▶ [EXERCISE BRIEF] Only these lines of the data below are wanted: the one with "央视|曹晴：因工资低离开央视，远赴美国却遭家暴，靠剩饭度日却不离婚", the one with "Farout 1 Chambray", and any lines between them, each repeated exactly.

▶ [MATERIAL FOR THIS EXERCISE]

BEGIN

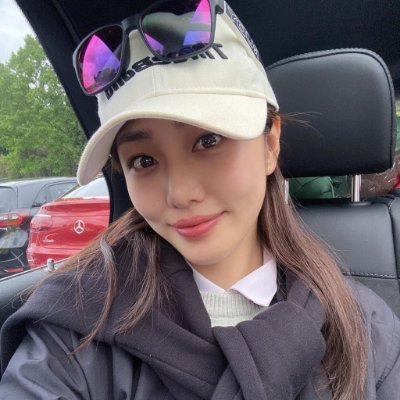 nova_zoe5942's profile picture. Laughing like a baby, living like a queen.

END
BEGIN

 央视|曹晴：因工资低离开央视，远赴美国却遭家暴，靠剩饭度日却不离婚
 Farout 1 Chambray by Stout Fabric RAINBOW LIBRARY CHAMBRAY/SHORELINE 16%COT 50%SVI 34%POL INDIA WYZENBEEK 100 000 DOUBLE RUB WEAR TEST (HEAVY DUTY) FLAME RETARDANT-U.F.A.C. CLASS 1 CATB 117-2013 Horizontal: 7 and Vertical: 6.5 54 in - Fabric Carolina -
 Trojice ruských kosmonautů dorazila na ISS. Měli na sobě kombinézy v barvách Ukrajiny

END

▶ [WRITTEN RESPONSE]
 央视|曹晴：因工资低离开央视，远赴美国却遭家暴，靠剩饭度日却不离婚
 Farout 1 Chambray by Stout Fabric RAINBOW LIBRARY CHAMBRAY/SHORELINE 16%COT 50%SVI 34%POL INDIA WYZENBEEK 100 000 DOUBLE RUB WEAR TEST (HEAVY DUTY) FLAME RETARDANT-U.F.A.C. CLASS 1 CATB 117-2013 Horizontal: 7 and Vertical: 6.5 54 in - Fabric Carolina -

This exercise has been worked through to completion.